Saturday, January 22, 2011

"To Kill a Mockingbird": A new book and documentary


Mary Murphy

Verb.org is a sponsor of Decatur Docs, a new series of indy documentaries being shown in downtown Decatur, GA. Tonight (Saturday January 22) the group presents the Southeastern premiere of Mary Murphy's new film Hey Boo: Harper Lee & '"To Kill A Mockingbird."

Mary Badham, who played Scout in Robert Mulligan's 1962 film adaptation of the novel, is scheduled to appear.

Murphy did not interview the reclusive author, now 84, who gave her last interview in 1964 and lives quietly in Monroeville, Alabama.
“She has in the past written ‘hell no’ on the tops of letters from reporters,” Murphy said recently in the online Access Atlanta site. “I felt fortunate her agent even agreed to meet with me.
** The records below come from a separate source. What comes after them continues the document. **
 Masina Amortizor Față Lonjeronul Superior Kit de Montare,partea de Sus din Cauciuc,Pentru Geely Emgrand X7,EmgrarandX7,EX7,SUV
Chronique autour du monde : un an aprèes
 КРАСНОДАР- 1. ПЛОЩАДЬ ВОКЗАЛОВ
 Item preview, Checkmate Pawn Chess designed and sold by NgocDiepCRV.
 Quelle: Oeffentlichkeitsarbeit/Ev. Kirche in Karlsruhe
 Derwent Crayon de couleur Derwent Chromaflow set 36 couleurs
I did not expect to talk to her.” The film does include talks with Lee’s sister Alice and her New York friends Joy and Michael Brown, who on Christmas 1956 gave Lee money to take a year off from her job as an airline reservations clerk. Lee used the money to work on the novel.
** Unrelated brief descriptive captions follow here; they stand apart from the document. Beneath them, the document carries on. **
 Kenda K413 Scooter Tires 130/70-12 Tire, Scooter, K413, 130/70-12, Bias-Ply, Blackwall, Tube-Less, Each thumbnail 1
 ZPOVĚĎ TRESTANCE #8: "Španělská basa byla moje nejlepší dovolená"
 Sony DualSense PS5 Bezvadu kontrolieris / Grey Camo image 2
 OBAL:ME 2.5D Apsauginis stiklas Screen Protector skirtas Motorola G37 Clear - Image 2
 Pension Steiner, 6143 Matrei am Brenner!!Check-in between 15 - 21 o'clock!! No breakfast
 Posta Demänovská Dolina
Lynn Peisner of Access Atlanta calls the documentary "an enlightened love letter." As the Verb site puts it, "In the popular mind, there are two giants of Southern Writing: Mockingbird, and that trashy thing whats-her-name wrote over on Peachtree Street." An hour before tonight's 8 p.m. screening at Decatur High School's Performing Arts Center, Murphy will be signing copies of the documentary's companion book Scout, Atticus and Boo: A Celebration of Fifty Years of To Kill A Mockingbird, recently published by HarperCollins.